Using a modified single-base extension assay, Wu and colleagues  investigated how the type and position of a mismatch affected extension efficiency during the initial PCR cycle. They concluded that mismatches within the last 3–4 bases of the 3’ end of the primer blocked primer extension. Wu et al. attributed the low extension efficiency to reduced binding of the DNA polymerase. While other research groups have contested this finding, describing a similar affinity of DNA polymerase for correctly paired and mispaired duplexes , Lefever and colleagues  confirm and extend the results from Wu et al.
Safeguard your experiments
Researchers often adopt primer and probe sequences identified in prior publications.

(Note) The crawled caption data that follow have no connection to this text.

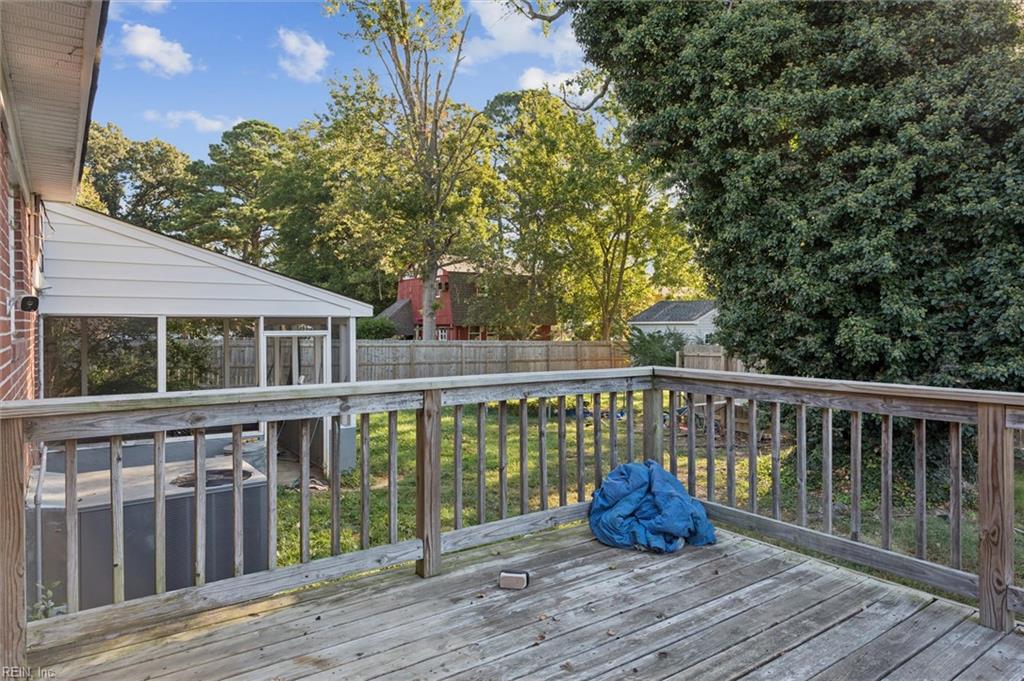 18 Brookfield DR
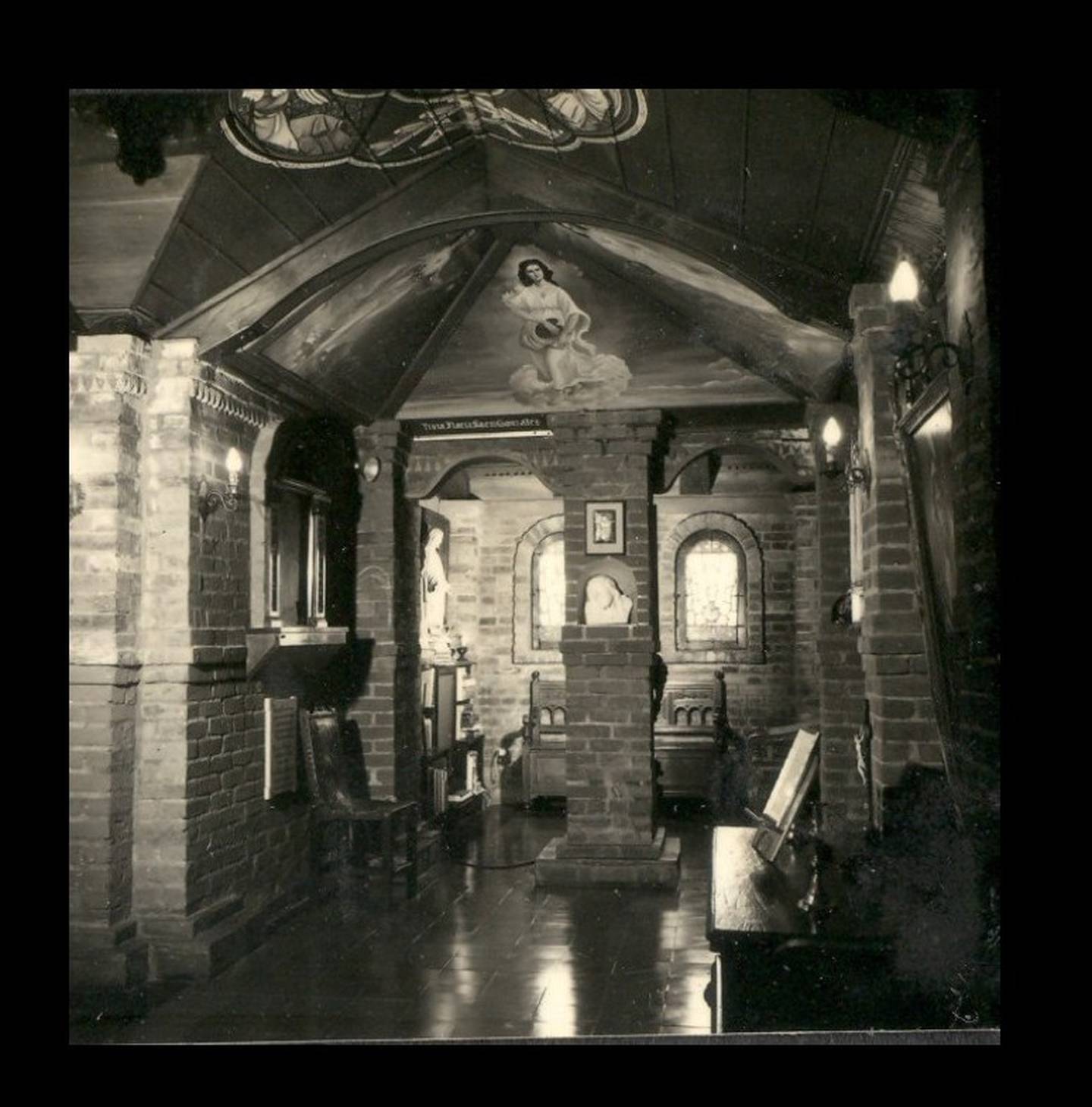 Esta era la capilla de la Casa González Feo en la década de 1940.

Fotografía: Cortesía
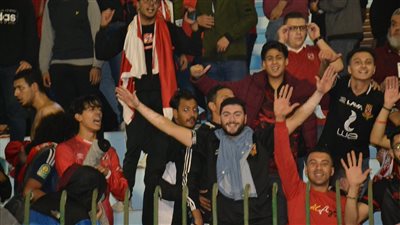 فرحة عارمة للاعبي الأهلي وجماهيره بعد الفوز القاتل على المحلة | صور 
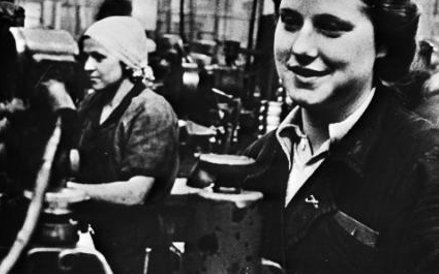 W 1944 r. w zmilitaryzowanych fabrykach radzieckich pracowały głównie kobiety.
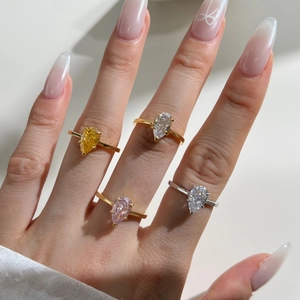 Luxe S925 silver pear cut ice flower zircon ring with sparkling gemstones for women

It can be tempting to use legacy published or “lab-validated” RT-PCR assay designs. However, given the continual addition of new sequence information, it is important to reevaluate and understand the location of SNPs relative to primer and probe sequences in your PCR/qPCR assays. The following are tips for managing SNP impact on your assay results:
- To obtain an up-to-date list of possible SNPs in your sequence, scroll down to the Alignments section of your BLAST search results page, and click on Graphics at the top left. At the top right of the sequence graphic, click on Tracks and select the Variation tab. From there you can select the type of SNPs for which you want information.
- If the “rs” number—the Reference SNP cluster ID (accession number) that refers to a specific SNP—is known, check SNP information in NCBI dbSNP (www.ncbi.nlm.nih.gov/snp).
- If a SNP is identified, check whether the frequency of the SNP (minor allele frequency, or MAF) is relevant in your population.
- When you cannot avoid a SNP underlying your probe sequence, use the free, online IDT OligoAnalyzer Tool to predict the Tm of mismatched probe sequences.
- In cases where a SNP underlies a primer sequence, minimize or eliminate SNP effects by positioning the SNP towards the 5’ end of the primer. For help with such designs, contact our technical support group at firstname.lastname@example.org, or by phone, using the local phone number on our Contact page.
- For genotyping experiments where relevant SNPs occur adjacent to your SNP of interest, avoid allele dropout by using mixed bases (Ns) or inosines in the primer or probe to cover the adjacent site(s). Since genomic information is constantly in flux, it is important to recheck previously used primer and probe sequences for underlying SNPs.
Adopting a new paradigm in assay design
SNPs are now a regular occurrence, with more discovered every day. It is no longer practical, or even possible, to avoid them when designing PCR/qPCR assays. This means we must adjust our thinking about experimental design, and design our PCR/qPCR assays intelligently, with SNPs in mind.